Hrvatski

An evening of Croatian music with excellent soloists and strings

Date created: 15.07.2022.

The Dubrovnik Symphony Orchestra String Chamber Ensemble with the young soloists Franjo Bilić on harpsichord and Lovro Merčep on saxophone under the baton of maestro Ivan Hut held a concert dedicated to Croatian composers last night, 14 July in the Rector’s Palace Atrium.

 soloist merčep, maestro hut, strings

The concert was dedicated to Croatian music and for that fact aroused considerable interest from local and foreign audiences. From the very start it was set on a high artistic level with the 'psychedelic' Andantino for strings and harpsichord by Marko Ruždjak, performed by the DSO’s String Chamber Ensemble and Franjo Bilić whose excellent musicianship on the harpsichord enchanted the audience. Ruždjak's unique, refined style and intellectual approach to music are evident in Andantino, composed in 1982 for the Zagreb Soloists, with a certain ‘retro’ flair to the instrumentation and harmonics. Bilić’s calm and collected interpretation, along with the attentive reactions of the DSO’s musicians, transported the audience into a subdued oasis of musical impressions.   

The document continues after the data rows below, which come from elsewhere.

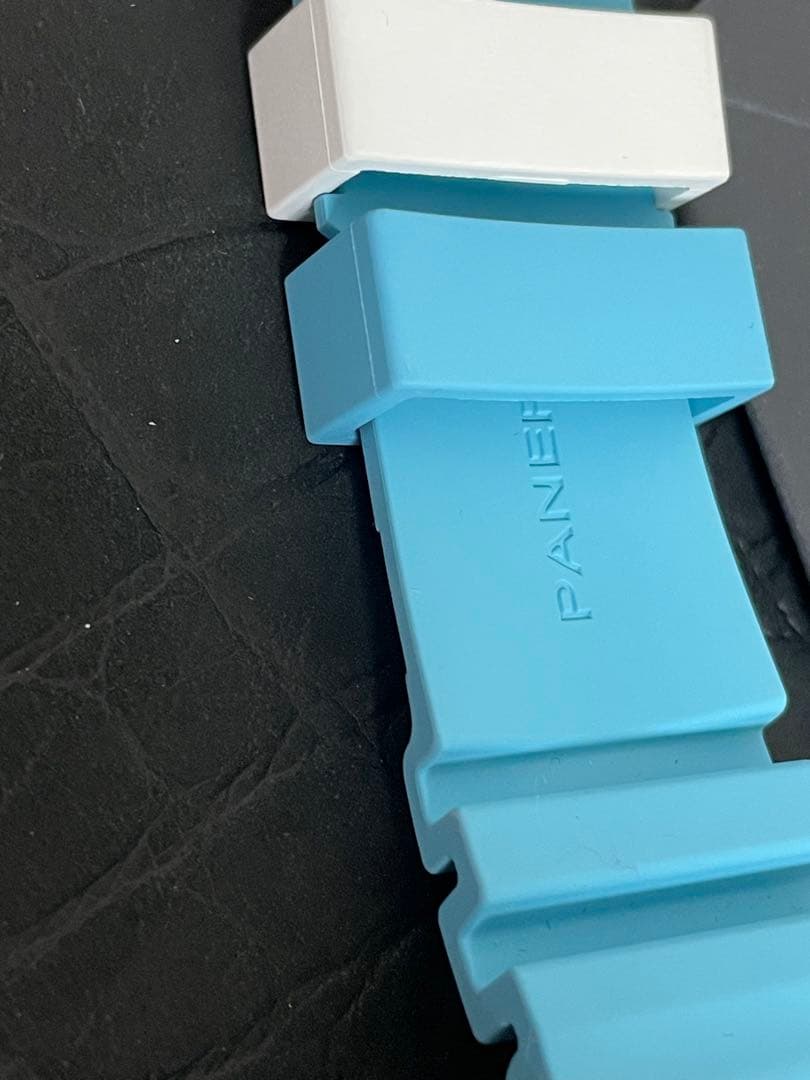 パネライ 純正ラバーベルト24mm ブティック限定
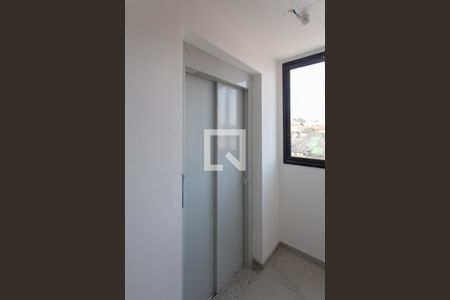 Apartamento à venda com 180m², 3 quartos e 4 vagasElevador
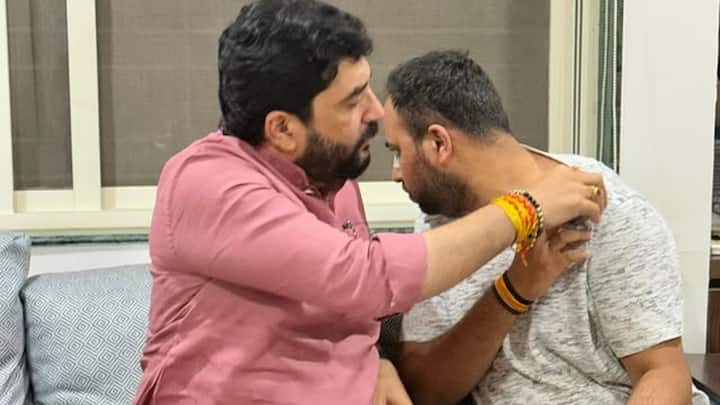 शिवजयंतीनिमित्त काढण्यात आलेल्या मिरवणुकीतून दुचाकी काढण्याचा प्रयत्न करत असताना वाद झाला आणि देवेंद्र जोग या तरुणाला मारहाण करण्यात आली. या प्रकरणी पोलिसांनी गुन्हा दाखल केला असून आत्तापर्यंत तीन जणांना पोलिसांनी ताब्यात घेतलं आहे.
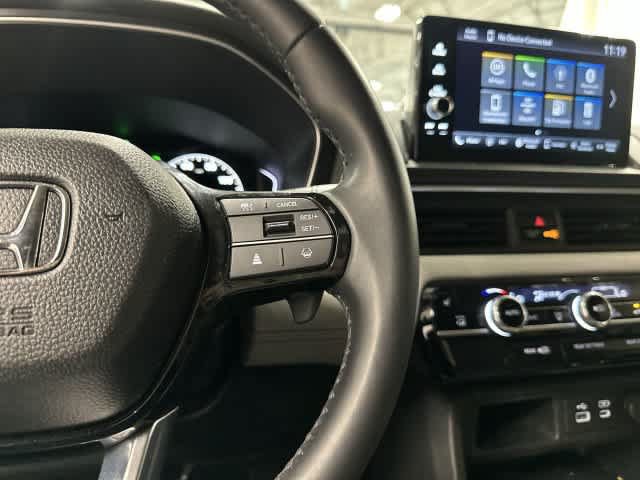 Certified 2025 Honda Pilot EX-L image 18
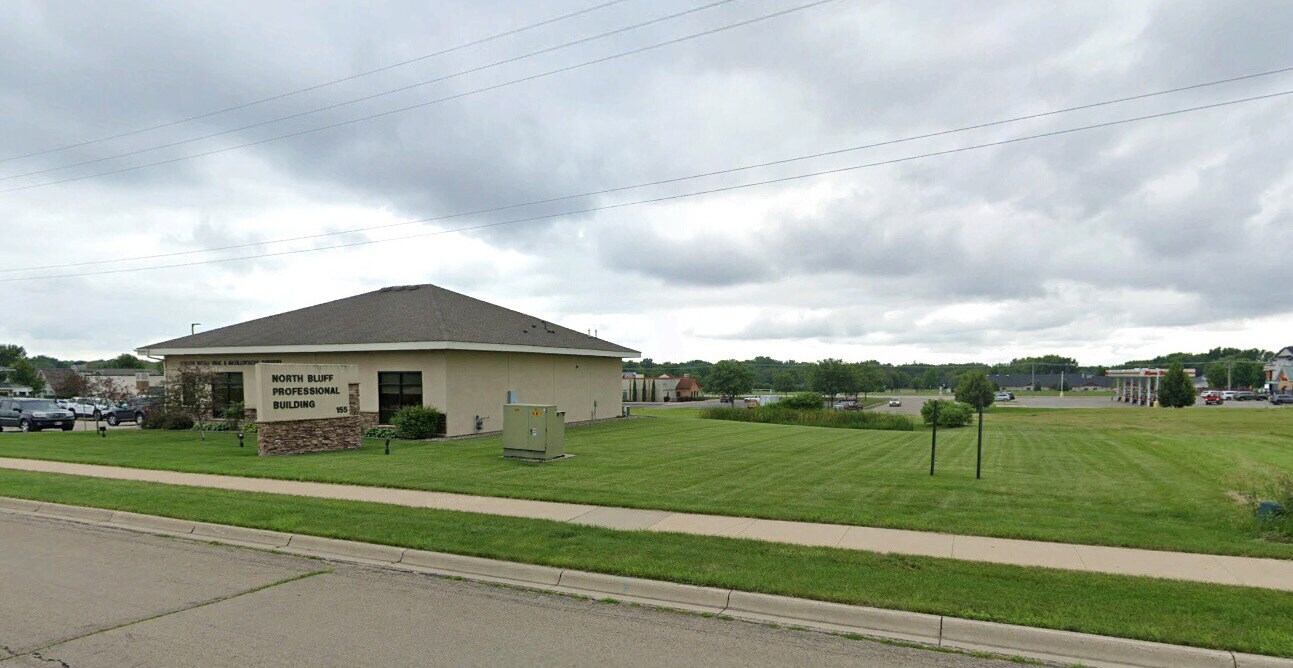 NE Landmark Dr, Owatonna, MN à vendre Photo de l’immeuble– Image 1 sur 4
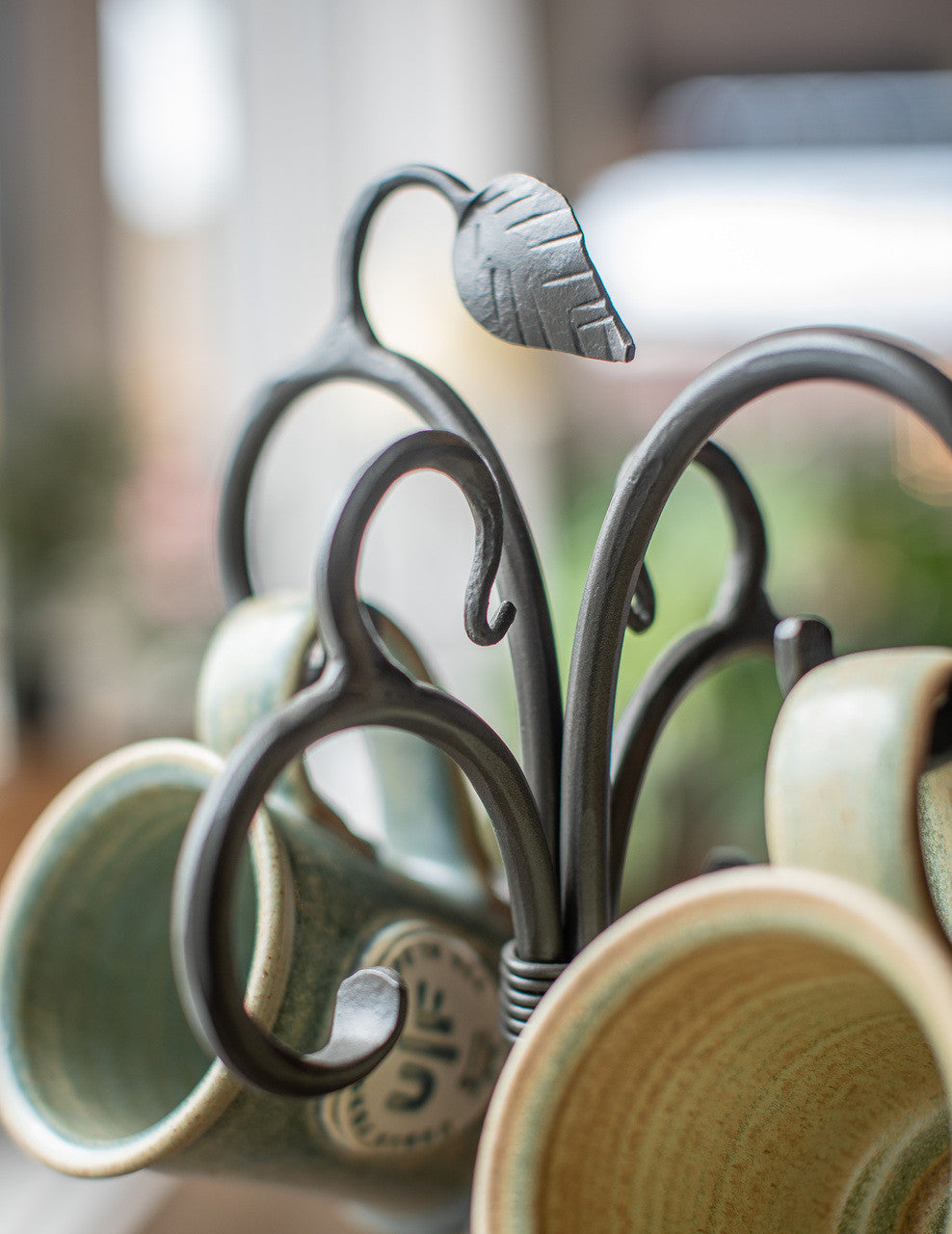Urban Forge Sylamore Iron Mug Rack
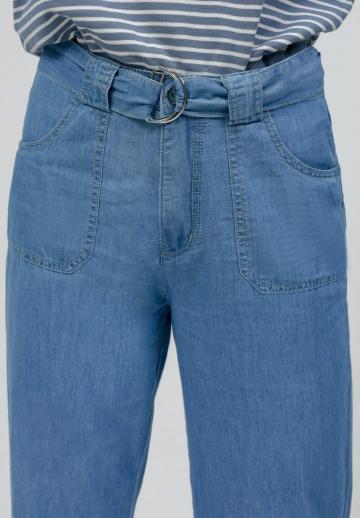 Прямые джинсы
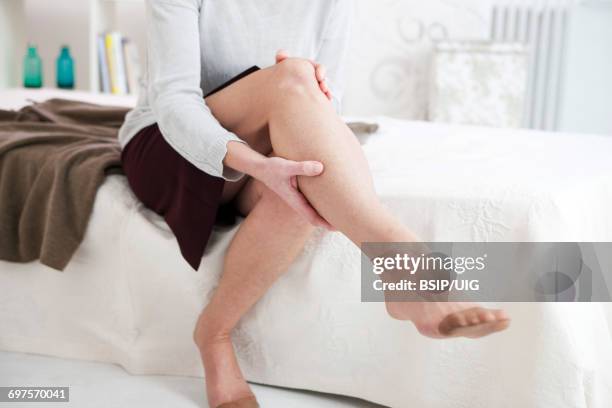 leg pain in a senior - wade menschliches körperteil stock-fotos und bilder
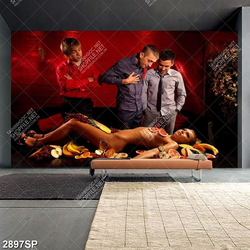 Tranh trái cây tươi trưng bày trên người mẫu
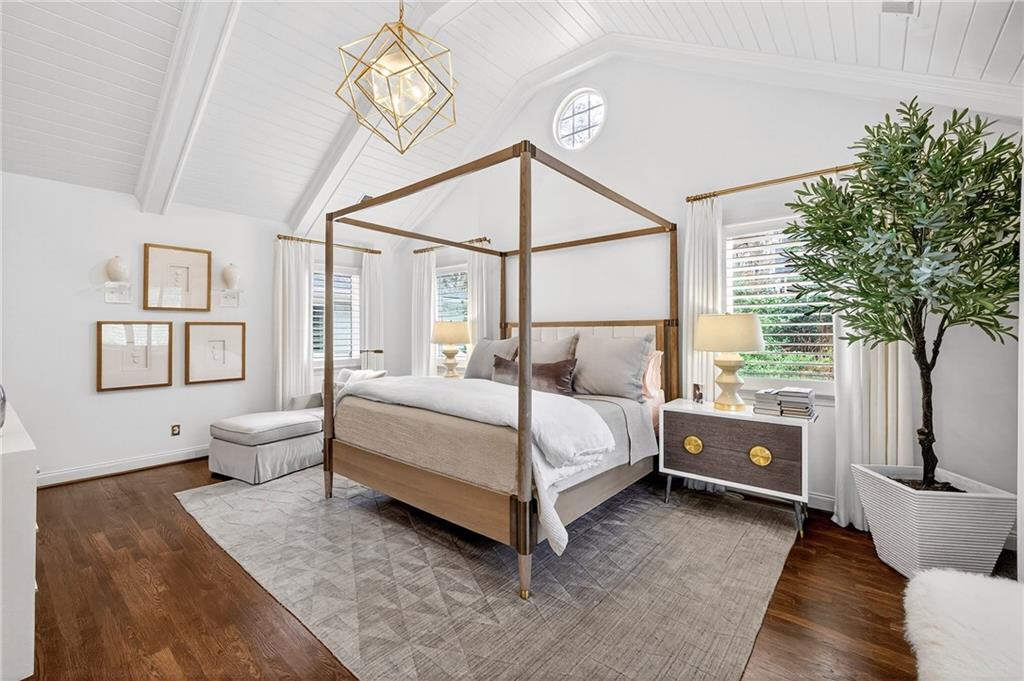 964 Buckingham Circle NW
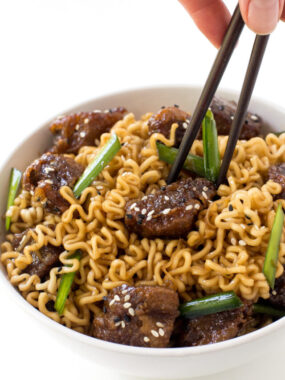 cropped-30-Minute-Mongolian-Beef-Ramen.jpg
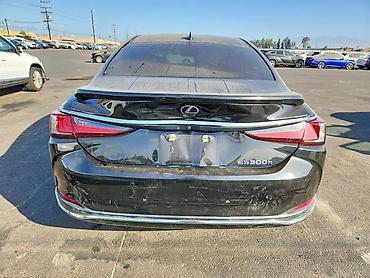 inter: Lexus ES: 2020 г., 2.5 л, Автомат, Гибрид — 6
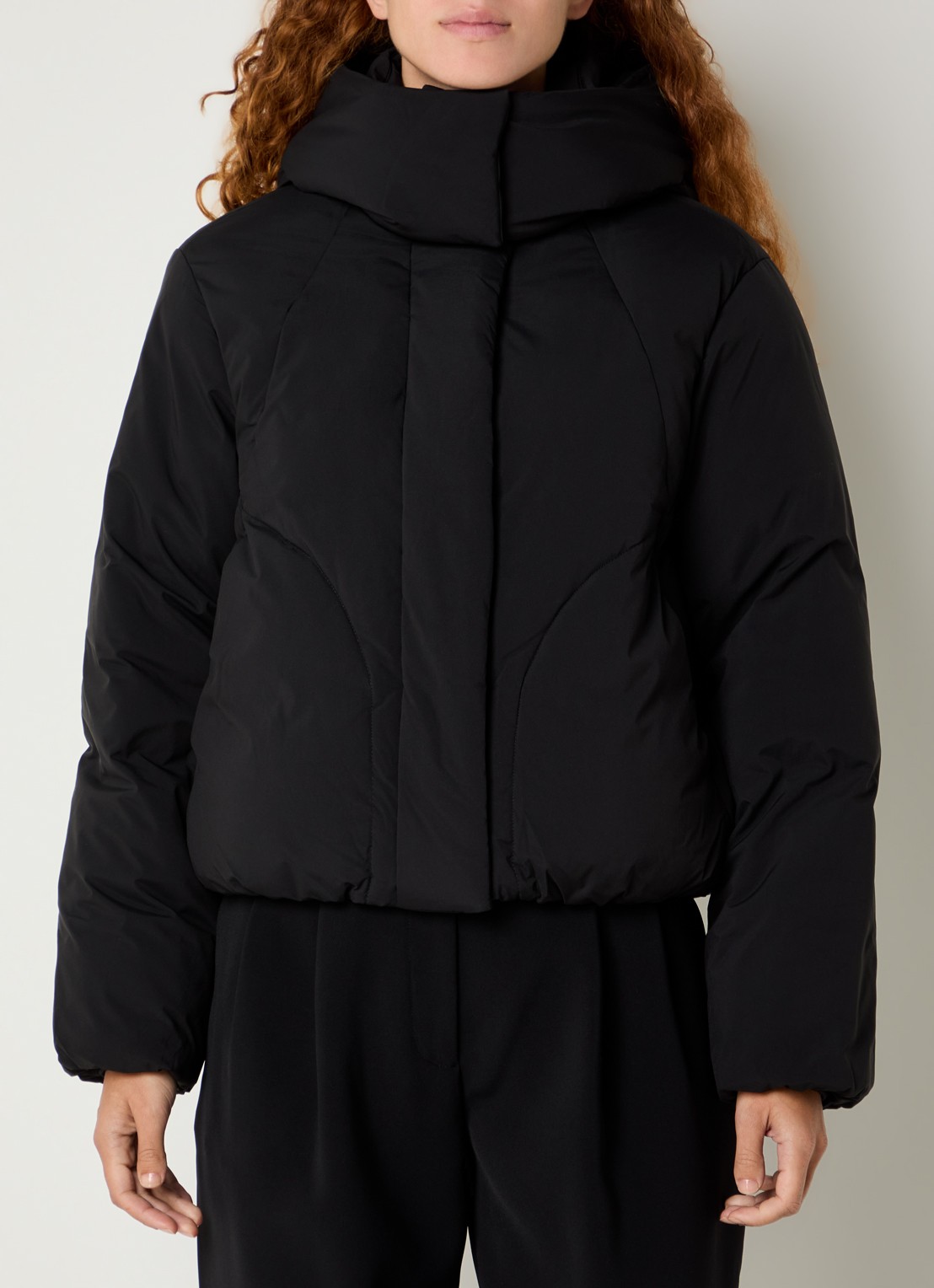 Elvine Annebelle puffer jack met afneembare capuchon - detail zwart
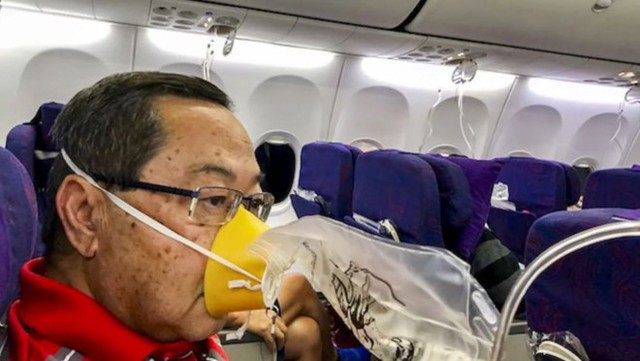 Một người bạn của &ocirc;ng Eugene Chow tr&ecirc;n chuyến bay CA106 đeo mặt nạ dưỡng kh&iacute; nhưng vẫn thấy kh&oacute; thở. Ảnh: SCMP.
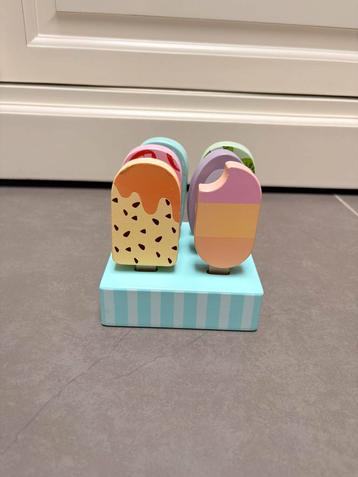 Le toy houten speelgoed ijsjes beschikbaar voor biedingen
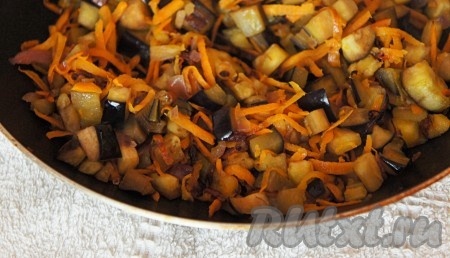Нарезанный баклажан отжать и добавить к моркови и луку, перемешать и довести до готовности. Начинка для куриной запеканки с баклажанами готова.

Following was Lovro Merčep on saxophone who introduced himself to the audience with the Sinfonietta for saxophone, strings and percussion and who also did not leave the audience indifferent, quite the contrary, he won them over with his lively performance of this colourful work by the prolific composer Bruno Bjelinski, executing even the most demanding passages with ease. The young soloists responded to the ovations with an encore, selected variations of Marin Marais's Les Folies d'Espagne, and a touch of baroque wit. After a break, the strings shined, eliciting long-lasting applause after each movement, first of Dešpalj arrangements of Bersa's Idyll and then of Papandopoulo's Sinfonietta for Strings. The oldest of the four composers from last night's repertoire is the founder of the Croatian musical Modern Blagoje Bersa, who with his knowledge, hard work and talent took Croatian music to a higher level, as evidenced by the fact that he founded the composition department at the Music Academy in Zagreb. His Idyll, according to some a movement of a would-be autobiographical symphony, was prepared for strings by the recently departed academic Pavle Dešpalj. Recognizable inventiveness and wit as well as exceptional compositional fecundity have included Boris Papandopulo among the most important Croatian composers, and his Sinfonietta for Strings, written in 1938, brings out the best in the string players, intertwining drama and emotion with meditative slowness. The insistent thunderous applause was more than earned by the String Chamber Ensemble and the ever-energetic conductor Ivan Hut, who was repeatedly called for a bow by the delighted crowd thus the maestro and the Ensemble thanked them at the end with a musical addition, Pavle Dešpalj's Longing, a composition for which Dešpalj was awarded the prestigious Croatian discography award Porin in 2002.

dso, soloists bow

The next concert on the music programme is this Sunday, 17 July, when the sensational Cory Henry will perform in Gradac Park, with the next concert in Rector’s Palace already on Monday, 18 July, when the pianist Lovro Pogorelić will play Liszt's Transcendental Etudes in addition to Busoni's arrangement of Bach’s Chaconne.